- Spanish: Reina santa
- Directed by: Henrique Campos; Aníbal Contreiras; Rafael Gil;
- Written by: Tavares Alves; Luna de Oliveira; Antonio Tudela; Rafael Gil; Aníbal Contreiras;
- Produced by: Aníbal Contreiras Cesáreo González
- Starring: Maruchi Fresno; António Vilar; Luis Peña; Fernando Rey;
- Cinematography: Manuel Berenguer [es] Alfredo Fraile
- Edited by: Suevia Films
- Music by: Ruy Coelho
- Production company: Suevia Films
- Distributed by: Mercurio Films
- Release date: 15 September 1947;
- Running time: 110 minutes
- Countries: Portugal; Spain;
- Languages: Portuguese Spanish

= The Holy Crown =

1947 film by Henrique Campos, Rafael Gil

The Holy Crown (Spanish: Reina santa) is a 1947 Spanish-Portuguese historical drama film starring Maruchi Fresno, António Vilar and Luis Peña.
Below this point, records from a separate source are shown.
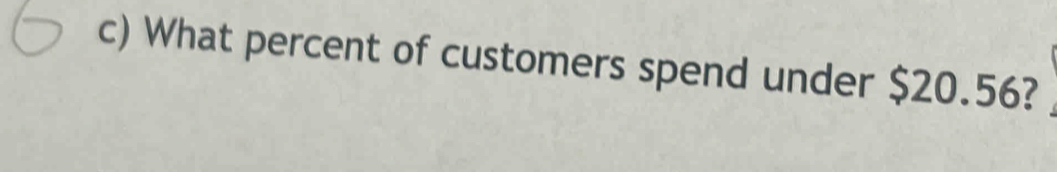 What percent of customers spend under $20.56?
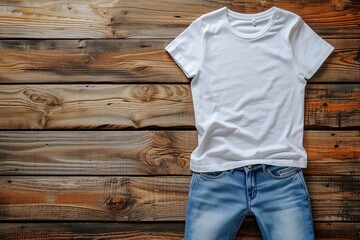 White women's cotton T-shirt mockup with blue jeans pants on a wooden background. Designed the t-shirt template and printed the presentation mock-up. Top view flat lay.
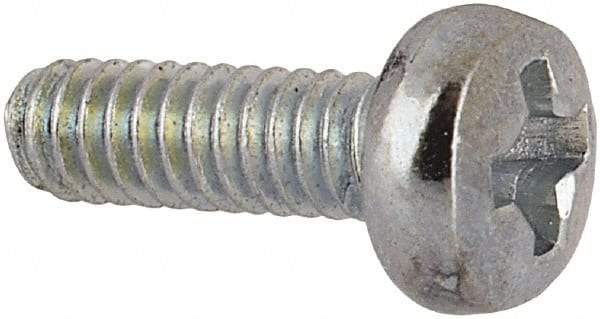 Value Collection - M2x0.40, 6mm Length Under Head Phillips Drive Machine Screw - Pan Head, Grade 4.8 Steel, Zinc-Plated Finish, Without Washer - Apex Tool & Supply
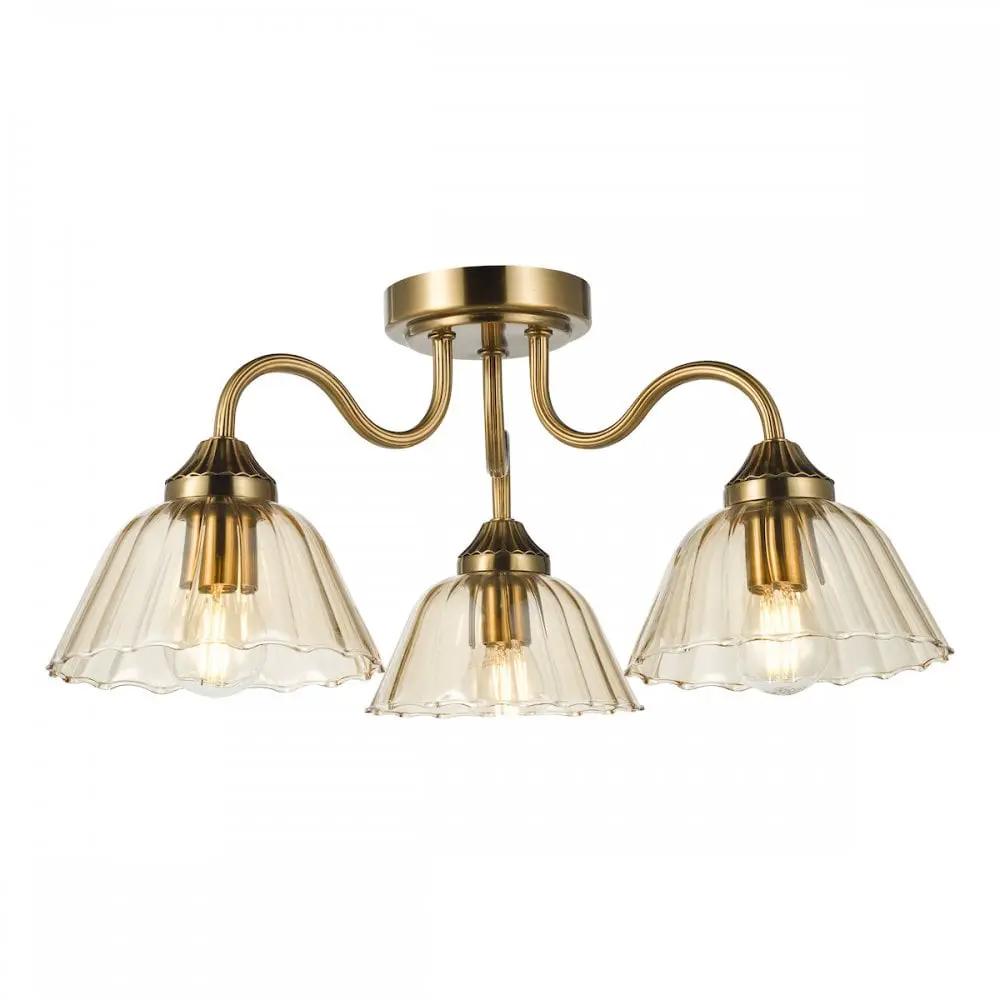 dar lighting Där Lighting Group, ERI5363 Erika 3 Light Semi-Flush Antique Bronze and Amber Glass - dar lighting Där Lighting Group, ERI5363 Erika 3 Light Semi-Flush Antique Bronze and Amber Glass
Separate Spanish and Portuguese versions were filmed with the Spanish directed by Rafael Gil and the Portuguese by Henrique Campos and Aníbal Contreiras. It was part of a popular group of Spanish costume films made in the late 1940s.

The film portrays the life of Isabel of Aragon, a Spanish-born Queen of Portugal who played a role of peacemaker between different factions at the Portuguese court as well as between Portugal and Castile.